• **DATA PROVIDED**
--------------------------------------------------

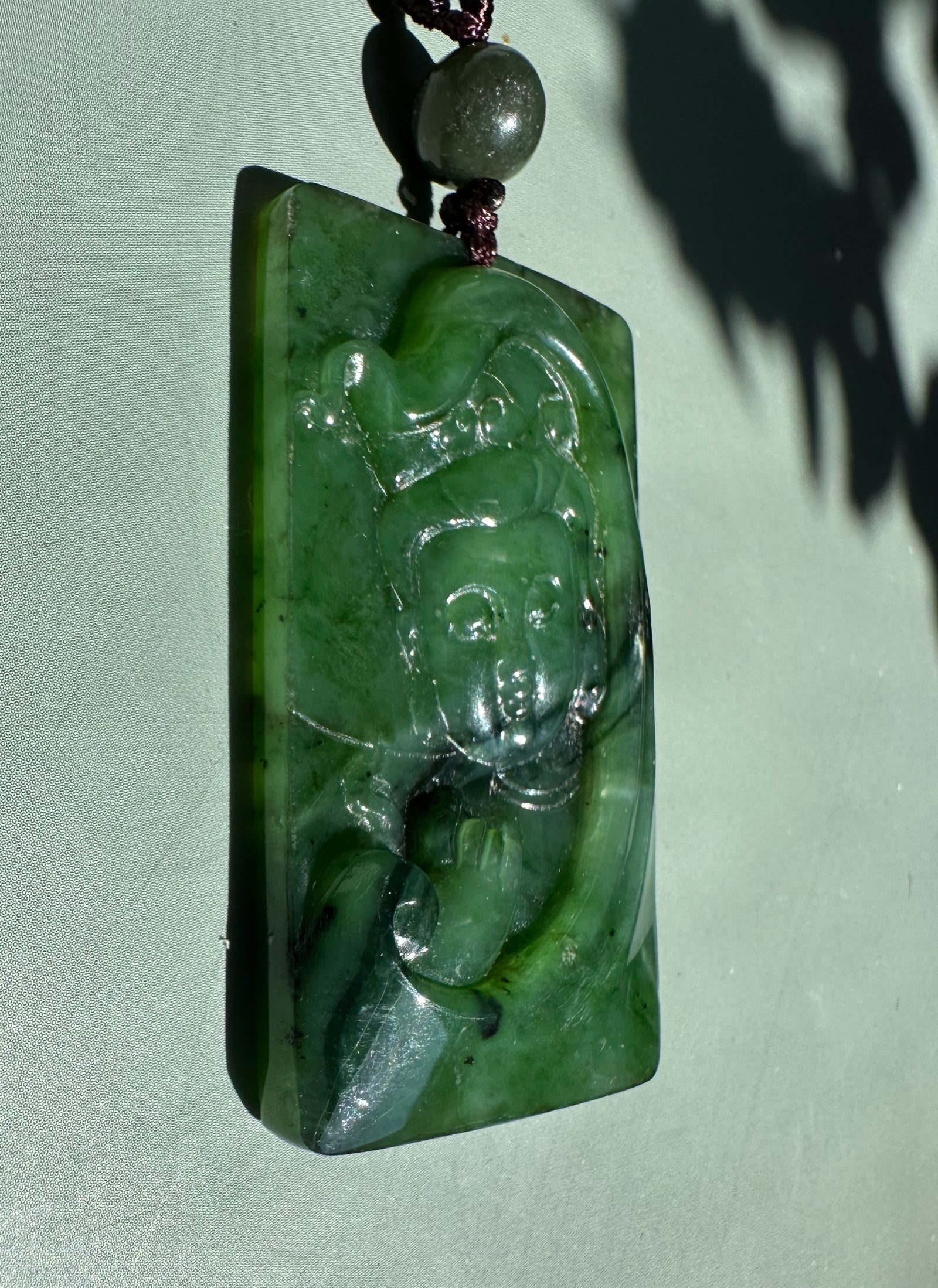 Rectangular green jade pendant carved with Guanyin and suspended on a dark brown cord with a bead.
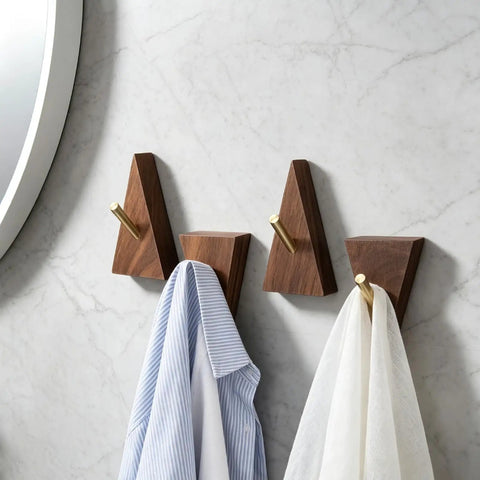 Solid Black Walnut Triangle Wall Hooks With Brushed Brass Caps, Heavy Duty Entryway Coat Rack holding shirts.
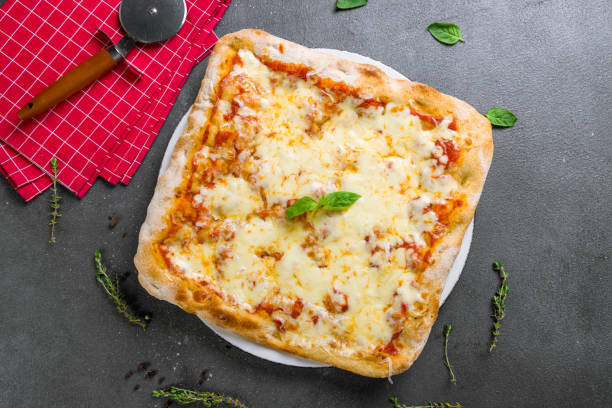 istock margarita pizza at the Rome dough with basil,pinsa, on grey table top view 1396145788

--------------------------------------------------

• **TASK DESCRIPTION**
Reproduce the data word for word, excluding its pictures.

• **ANSWER TO THIS TASK**
 Rectangular green jade pendant carved with Guanyin and suspended on a dark brown cord with a bead.
 Solid Black Walnut Triangle Wall Hooks With Brushed Brass Caps, Heavy Duty Entryway Coat Rack holding shirts.
 istock margarita pizza at the Rome dough with basil,pinsa, on grey table top view 1396145788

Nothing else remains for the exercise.